Singapore: Prices of sugar, the worst-performing commodity in the past year, may more than double by the end of 2007 as gains in crude oil encourage ethanol use, said Greg Smith, executive director at hedge fund manager Global Commodity Ltd.
More ethanol will be put into use in Brazil and the US as crude oil prices in New York rose to a nine-month high on Monday.
Increased use of ethanol may help whittle down inventories of sugar, which is used as a feedstock to produce the alternative fuel, Smith said in an interview in Singapore on Tuesday. His hedge fund has $210 million (Rs861crore) under management.
Raw sugar prices in New York have fallen 36% in the past year, even after a 6.5% gain on Monday, amid expectations that a glut in major growing areas such as Brazil and India will swell global inventories. October delivery futures fell 1.6% to 9.41 cents a pound on the New York Board of Trade at 4:55pm Singapore time on Tuesday.
“Sugar could be as high as 20 cents a pound by the end of this year,” said Smith, who has been trading commodities for over 25 years. “We’ve actually started to buy sugar about two-three months ago because we believe the market was undervaluing sugar relative to its ethanol value.”
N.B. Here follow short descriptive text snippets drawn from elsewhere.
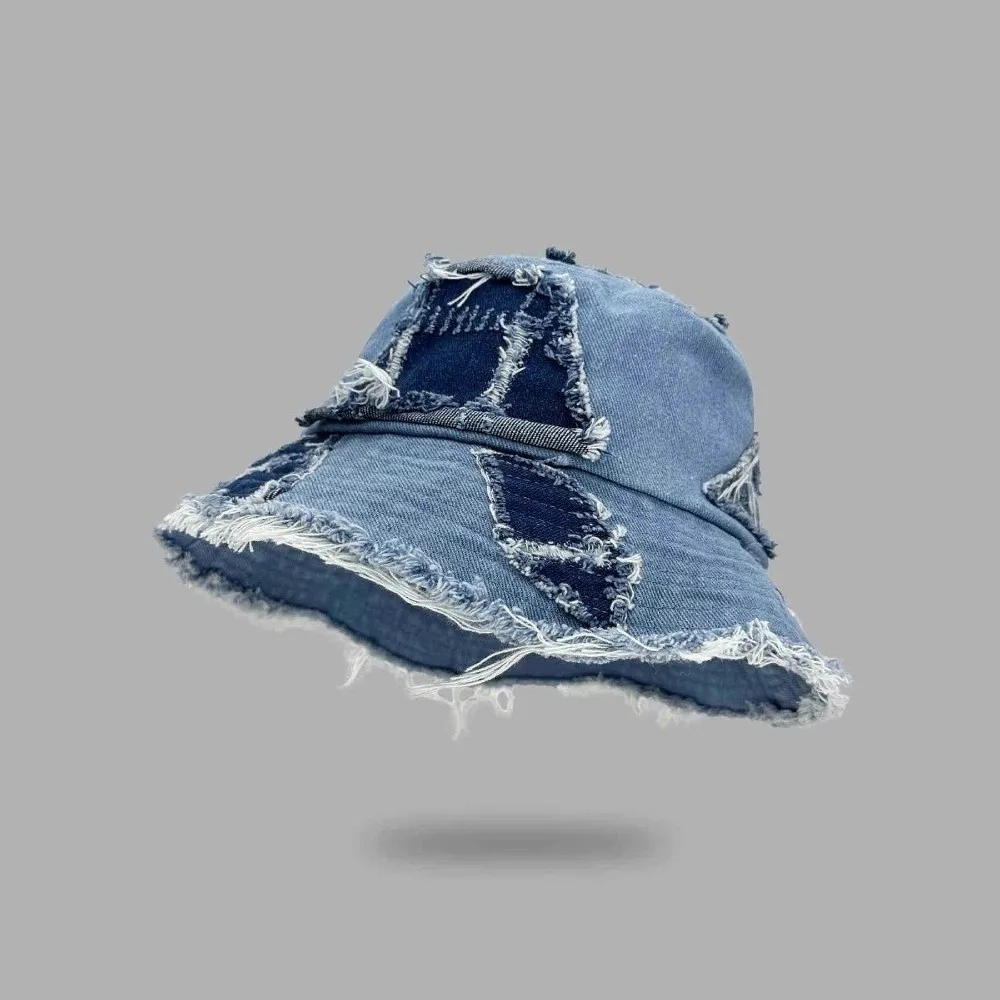 

Fashion Japanese Denim Bucket Hat Beggar Style Patched Retro Fisherman Hat Bule Splicing Sun Protection Basin Cap Women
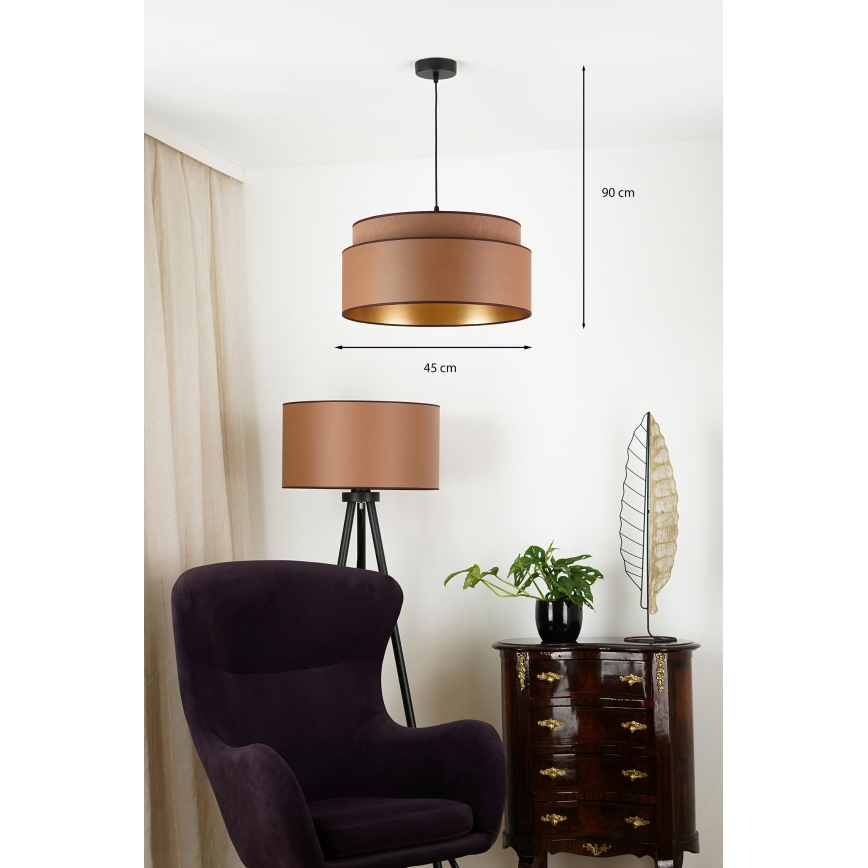 Brilagi - Ljuskrona med textilsladd OREGON VEGE 1xE27/15W/230V diameter 45 cm brun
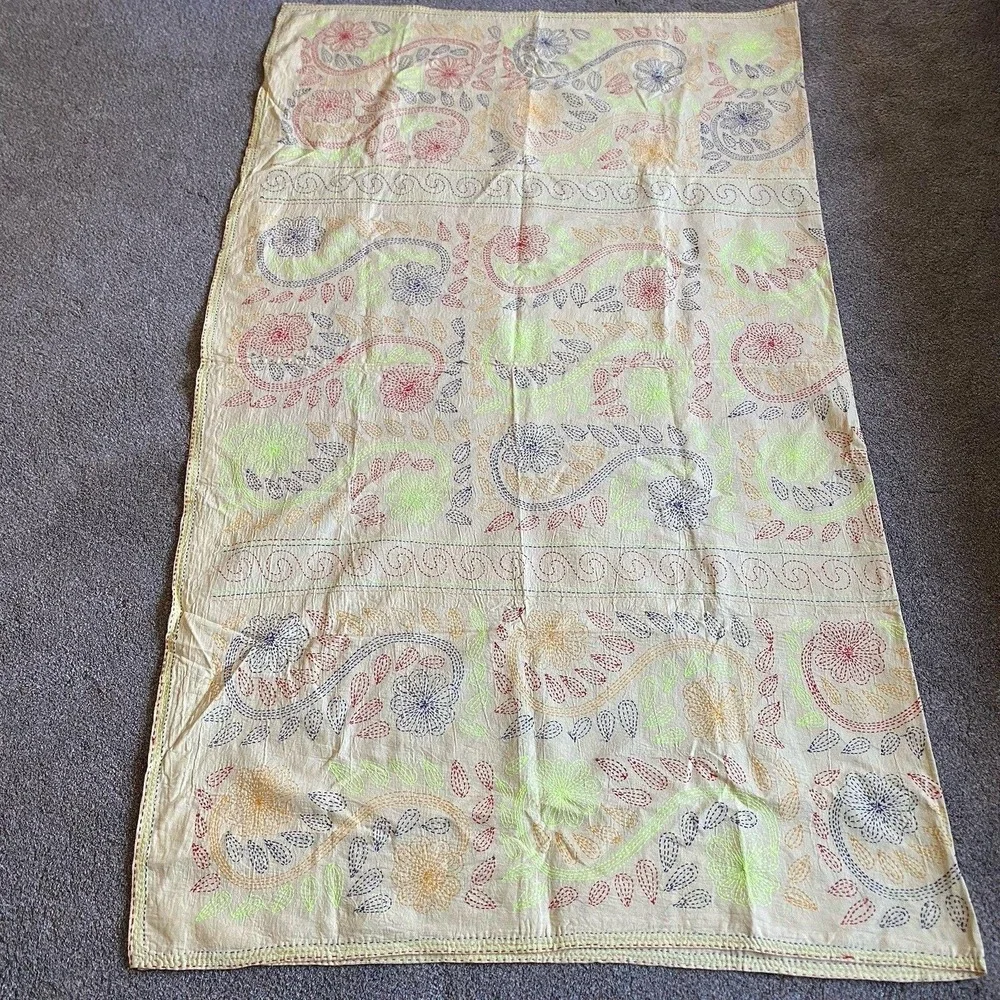 Vintage Handmade Kantha Embroidered Coverlet 80x92 Multicolor Floral Boho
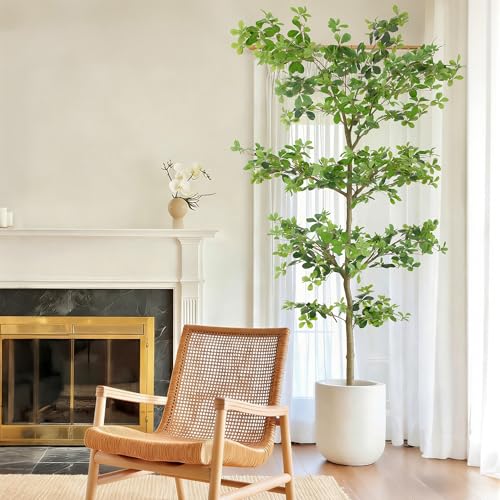 Bellacat Faux Black Olive Tree 8ft, Tall Faux Trees Indoor with Natural Trunk and Realistic Leaves. 8 Feet(96in) Artificial Tree for Home Office Décor - style: 8ft Black Olive Tree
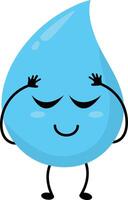 Cute Water Drop Character with Flat Cartoon Face. Isolated on White Background vector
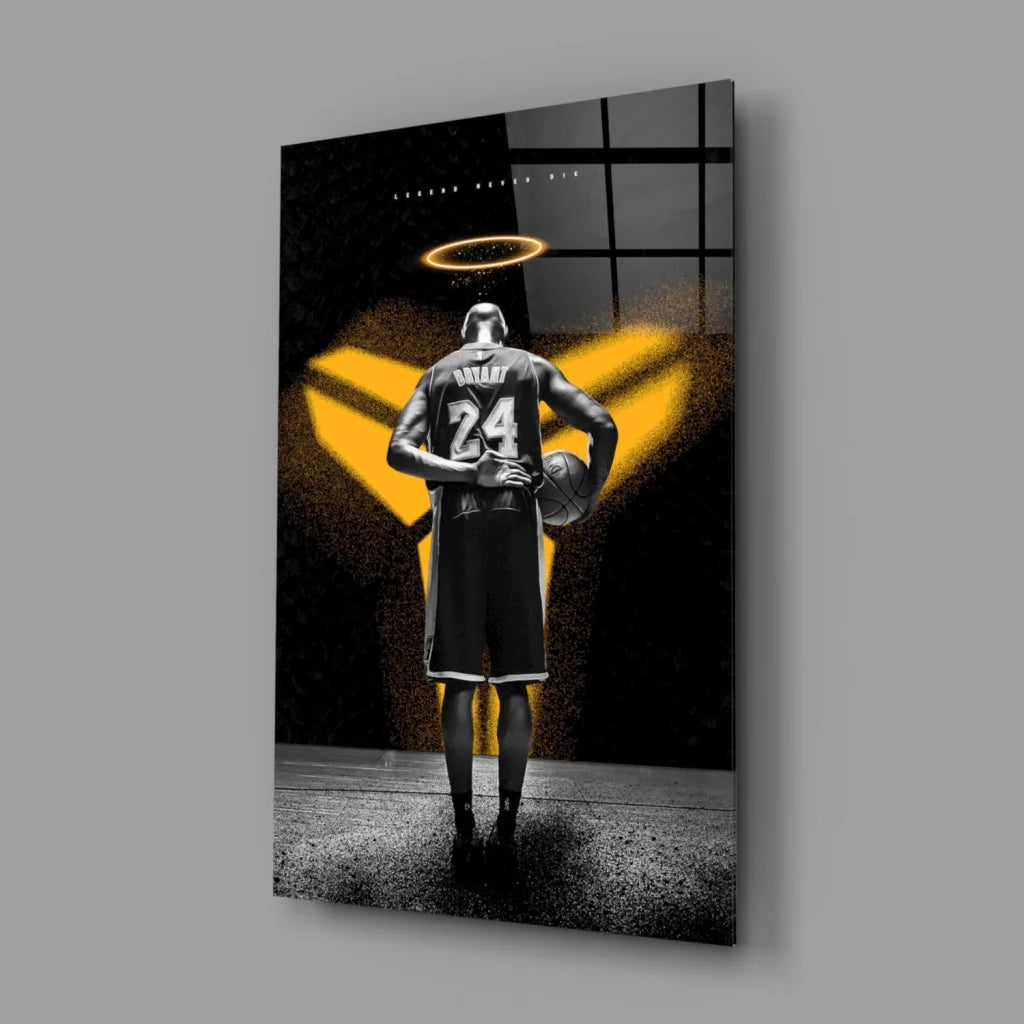 Kobe Bryant Halo Glass Wall Art Canvas Print Black Gold | Glass Wall Art Print | vintageantiquesgifts.com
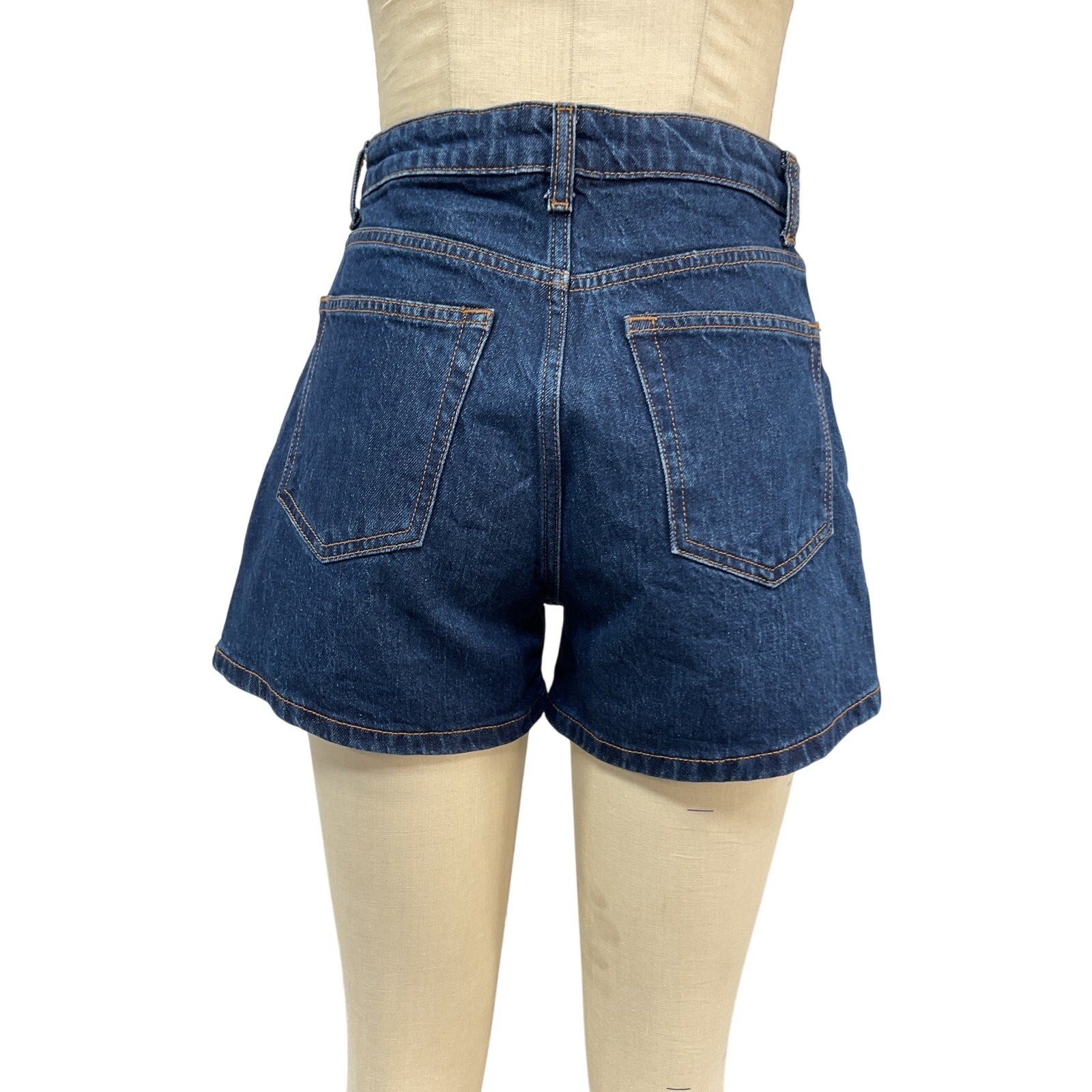 Reformation 'Norah' Blue Cotton Stretch High Rise 3.5� Denim Jean Shorts Size 27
The global surplus of the sweetener may reach 9.2 million tonnes (mt) this year, according to a forecast by the London-based International Sugar Organization. Excess inventory can be absorbed by more ethanol use, said Smith.
“If you look at it historically, it normally takes about 12-18 months to consume that excess in inventory,” he said.
“However, because now more and more vehicles are being run on ethanol, that inventory will be cut back pretty quickly.”
Brazil is adding more ethanol to domestic petrol starting next month as farmers harvest a record sugar crop, the government said last week. Brazil’s sugar cane output will rise to 513.3mt this year from 455.3mt in 2006, it said. Ethanol is made from sugar in Brazil and maize in the US.
Weather is also a factor that may boost sugar prices, Smith said. “If you get any hurricane go through Cuba or any adverse weather patterns in Brazil, then you will see sugar trade substantially higher very quickly,” he added.
For the same reason, Smith also liked coffee, wheat, maize and soybeans. Wheat prices may increase about 50% before October because of global supply constraints, he said.
“We’ve got low inventories, one of the lowest inventories since 1962 and we’ve got the lowest acreage in about 15 to 20 years,” Smith said.
“We’ve got extreme weather patterns in some of the growing areas like Australia and too much water in some parts of the US.”